Автор здесь чрезвычайно приближен к лирической героине. Доверие читателя как раз и основано на этом: я верю, потому что мне рассказывает очевидец, участник событий. Героиня не одна на все рассказы, это разные люди, но им можно дать одну общую характеристику. Это женщина, в которой совмещены романизм и прагматизм, инфантилизм и жертвенность, способность любить и способность любить себя, современная, понимающая высокое, элегантная, но демократичная.

Истории говорятся от первого или третьего лица, но это всегда рассказ из уст в уста: автор или рассказчик сидит напротив вас, а такое положение не предполагает длинных отступлений, метафизических философствований, копаний, абстрактных образов, недоступных пониманию подружек. То есть место повествования из жизни (девичники, столик в кафе, кулуары литплощадок, дача, телефон) перенесено в текст. Это рассказы о личном опыте, о знакомых, родственниках, многочисленных подругах и приятелях. Однако изменены имена, а судьбы и черты героев и прототипов зачастую перемешаны и рассортированы непропорционально.

Рассказчица здесь не посредник в передаче чьей-то истории, а участник. А вот тут очень интересное открытие. В нём-то и содержится суть трансформации баек, рассказанных в жизни, в литературные тексты. Художественный рассказ предполагает не описание случая, а вскрытие, препарирование случая.
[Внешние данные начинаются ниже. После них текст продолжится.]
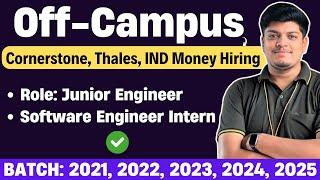 Cornerstone, Thales, IND Money Off-Campus Hiring 2025, 2024, 2023, 2022-2021 |Software Engineer Jobs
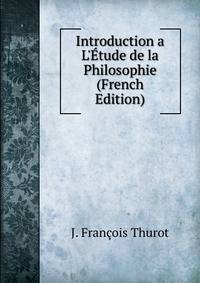 Introduction a L'?tude de la Philosophie (French Edition)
Это может достигаться разными средствами: у кого-то впрямую – указанием на авторское отношение к случившемуся, например; а у кого-то точкой над «i», которую ставит автор одним штрихом, скажем, концовкой. Так происходит у Аркатовой в нескольких рассказах. Например, в рассказах «Пани Зося» или «Очень спокойная музыка». Никакого моралите. Аркатова не делает выводов, не держит их на поверхности. Только штрих, новая краска, фраза о том, что случилось немного позже, эмоция героини. И читатель сам делает вывод, к которому его подводит и утыкает носом автор.

Жалко, что юмористический накал в историях в ходе трансформации в литературные произведения немного подрастерялся, но на что способна Анна Аркатова в этом жанре показывает рассказ о театральном общежитии в новелле «Девочка». И, хотя «Театральный роман» или «Самоубийца» уже написаны, из этого рассказа тоже могла бы выйти замечательная комедия для драматического театра.
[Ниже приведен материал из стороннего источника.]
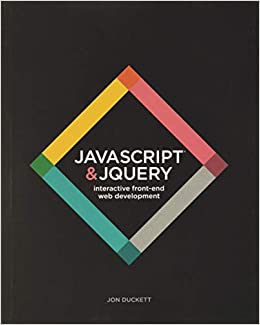 JavaScript and JQuery: Interactive Front-End Web Development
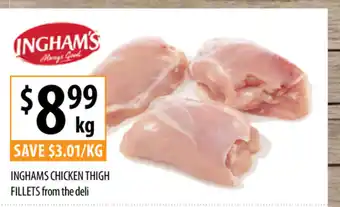 Supabarn Ingham's Chicken Thigh Fillets from the deli per kg offer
В рассказах зачастую присутствуют те уменьшительно-ласкательные, которые кажутся искусственными, а также сниженная лексика, вульгаризмы, иногда чересчур бросающиеся в глаза, потому что употребляются не для характеристики второстепенных, неглавных действующих лиц, а вкладываются в уста рассказчицы или главной героини. А поскольку последние практически спаяны с автором, такие вульгаризмы в нескольких случаях мешают. Очевидно, автор усердствует в желании осовременить язык, приземлить, облегчить текст. Но стиль языка писателя Аркатовой, думается, останется лёгким для восприятия и без детскости, и без лексики толпы.
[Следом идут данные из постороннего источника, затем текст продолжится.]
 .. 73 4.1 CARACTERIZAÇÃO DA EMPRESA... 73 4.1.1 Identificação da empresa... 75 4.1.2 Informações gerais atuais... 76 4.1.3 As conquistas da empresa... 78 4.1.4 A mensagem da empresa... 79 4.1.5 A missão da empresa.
Суть рассказа Аркатовой не лежит на поверхности, поскольку не сводится к фабуле. Через событие она иллюстрирует глубинные черты человеческой личности или показывает закономерности в судьбе человека, обращает внимание на то, что подметила только она одна. И тут еще один природный навык автора – подмечать судьбоносное, вынимать из памяти самое важное, связывать неожиданное. И самое интересное, что рассказы, в которых присутствует смерть человека, легче и динамичнее тех, которые, казалось бы, описательны и легки по смыслу. Например, последний рассказ в сборнике «Индийское мыло» – о девичнике, о суете в квартире, где собираются шесть-семь подруг, поболтать, поесть, погадать. Вроде тема живописная и незатейливая. Но именно в этом тексте скорость замедляется, появляются обособленные вставки, раскрываются страшные тайны и драмы. И происходит переворот в стилистике и приемах. Этот рассказ о лёгком веселом мероприятии воспринимается гораздо трагичнее, психологичнее, чем другие, он кажется более объёмным и рисует большое полотно, давая нам надежду на то, что автор может осилить и крупную форму.